Base metals prices on the Shanghai Futures Exchange were on divergent paths during morning trading on Monday September 16, with risk aversion among investors heightening following an attack on Saudi Arabian oil facilities over the weekend.
News on Saturday of a drone attack on Saudi Arabian state-owned oil producer Saudi Aramco’s oil production facilities at Abqaiq and Khurais in eastern Saudi Arabia has sparked fears of major disruption in world oil supplies, causing oil prices to soar.
Aramco announced that emergency crews had contained fires at its plants in Abqaiq and Khurais following the attack, but added that the incident had resulted in production suspension of 5.7 million tonnes of crude oil per day.
Oil prices surged in response; Brent crude oil futures were at $66.93 per barrel as at 9.58am Shanghai time, compared with $60.22 per barrel during late European afternoon trading on Friday.
In the base metals, prices gave a mixed performance while the complex contends with the ramp-up in tensions in the Middle East and growing expectations of a trade deal being struck between China and the United States.
“The possibility of a trade deal between the world’s two largest economies has boosted sentiment in the base metals markets,” analysts with ANZ Research said in a morning note.
“The copper price is most sensitive to macroeconomic changes, and this morning’s pick-up demonstrates a promising geopolitical outlook between China and US,” a Shanghai-based analyst said.
The most-traded November copper contract on the SHFE stood at 47,650 yuan ($6,730) per tonne as at 9.58am Shanghai time, up by 160 yuan per tonne – or 0.3% – from Friday’s close of 47,490 yuan per tonne.
Limited gains were also seen in the most-traded contracts for zinc (+0.1%) and lead (+0.2%), while the rest weakened – led by a 3.3% drop in the most-traded November nickel contract to 139,900 yuan per tonne.
“Nickel was the odd metal out as the market continues to contemplate the impact of Indonesia’s recent nickel export ban.
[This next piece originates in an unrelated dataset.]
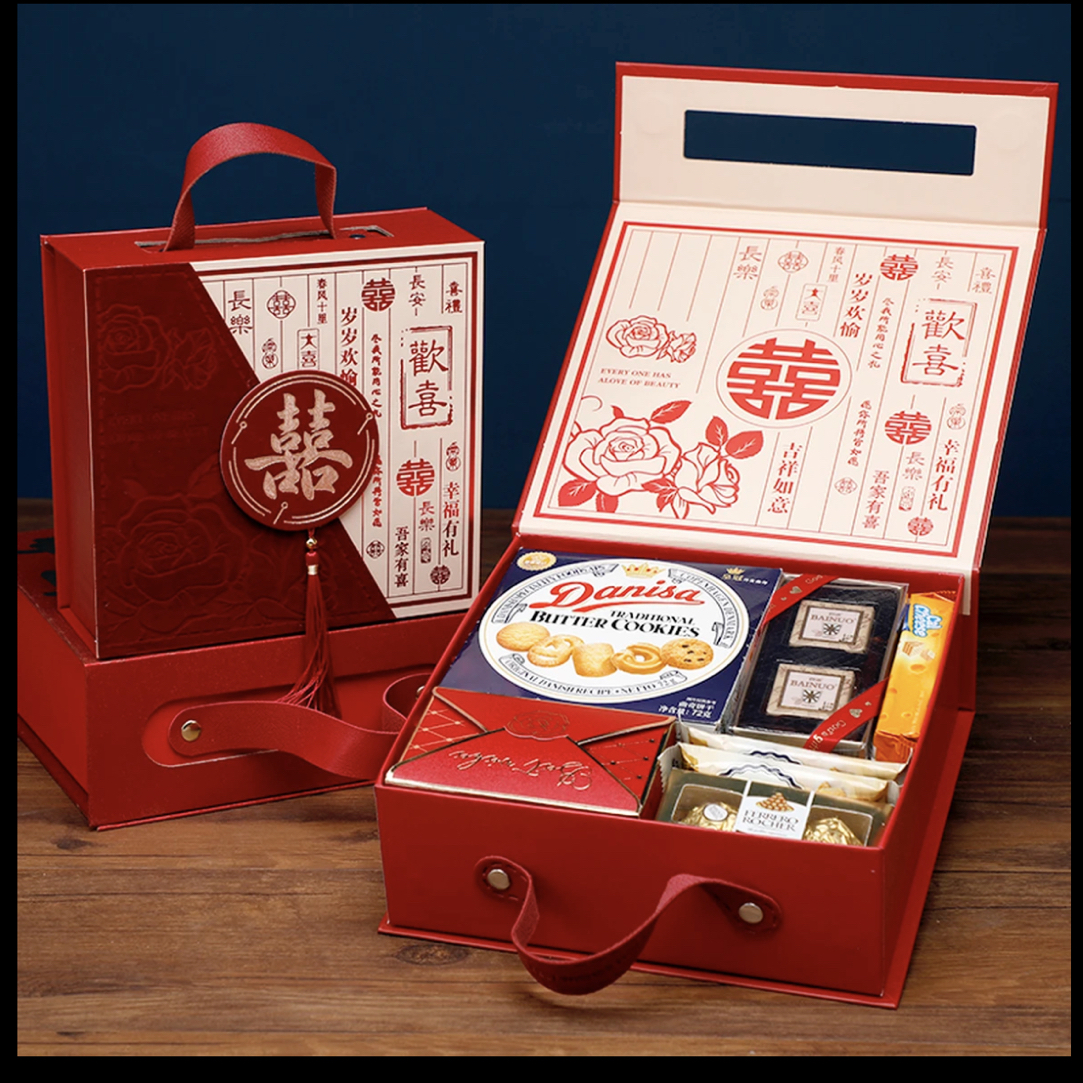 新款订婚结婚喜宴礼盒婚庆高档伴手礼订婚回礼巧克力糖果通用款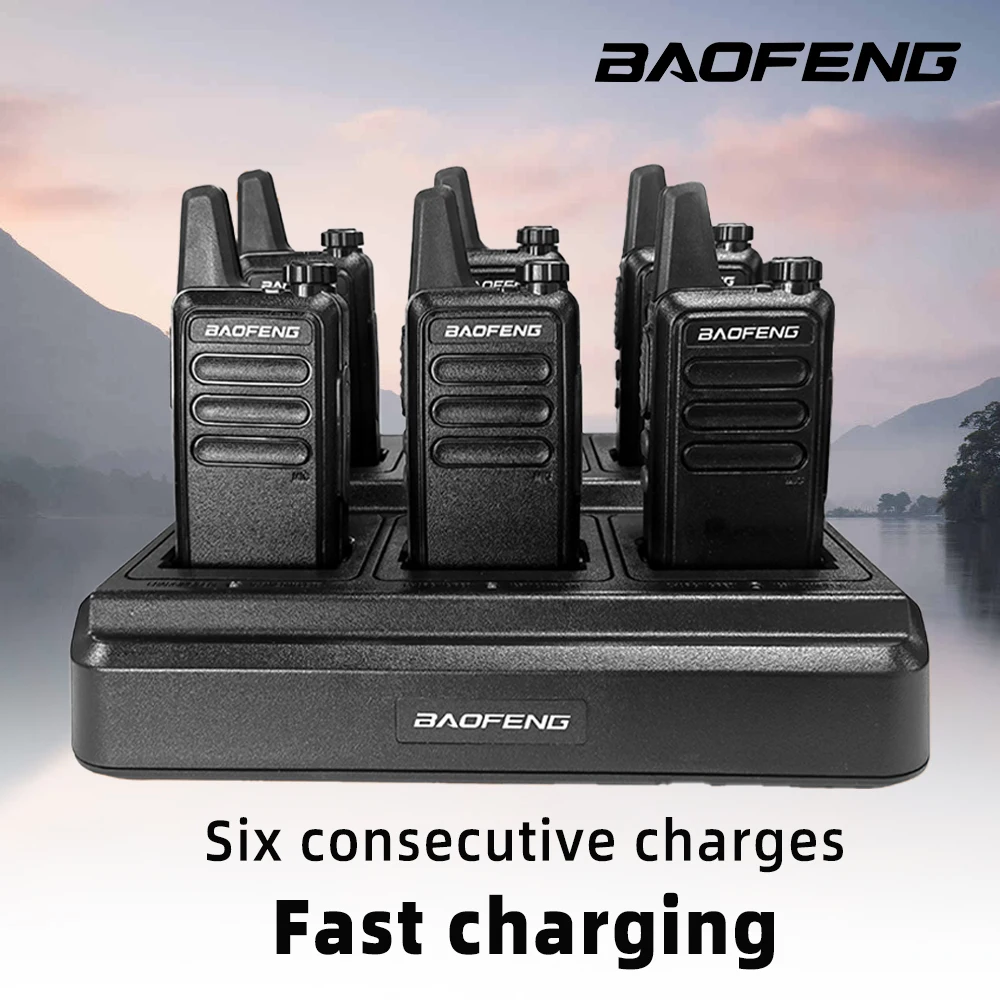 6 قطعة Baofeng لاسلكي BF-888S plus راديو محمول صغير uhf 400-470 ميجا هرتز 16 قناة 3-5 كجم BF-888S مع شحن متعدد الوحدات #4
This was heightened by data showing inventories on the [London Metal Exchange] gained 6.6% on Friday, the largest single day rise since August last year,” ANZ noted.
A fresh inflow of some 12,198 tonnes of nickel was delivered into predominantly European warehouses on Friday, with LME-registered warehouses in Vlissingen the recipient of some 10,000 tonnes, and Rotterdam another 1,000 tonnes.
“The rally in nickel prices over the past few months is mainly due to speculation surrounding the nickel laterite ore export ban in Indonesia, and it was finalized last month, so there’s not much of an incentive for prices to achieve higher levels,” a second Shanghai-based analyst said.